● **Work instruction**:
Pictures aside, return every line below exactly as written.

● **Supplied material**:
______________________________

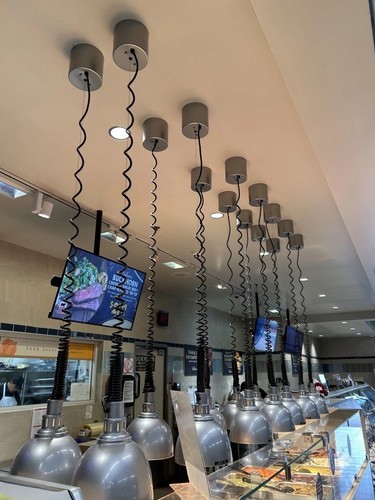 Hatco overhead food warming - food,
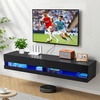 image:imageVEVOR Modern Floating TV Stand Wall Mounted 55 Under TV Shelf Floating Media Console Entertainment Center with Storage Cabinet for Living Room amp Bedroom WhiteBlack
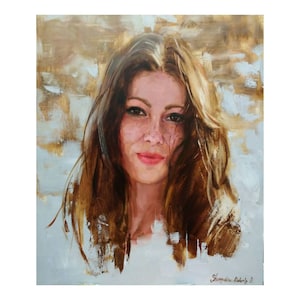 Commission Portrait from photo Custom portrait painting commission portrait oil painting on canvas art commission Custom painting original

______________________________

● **Response to the task**:
 Hatco overhead food warming - food,
 image:imageVEVOR Modern Floating TV Stand Wall Mounted 55 Under TV Shelf Floating Media Console Entertainment Center with Storage Cabinet for Living Room amp Bedroom WhiteBlack
 Commission Portrait from photo Custom portrait painting commission portrait oil painting on canvas art commission Custom painting original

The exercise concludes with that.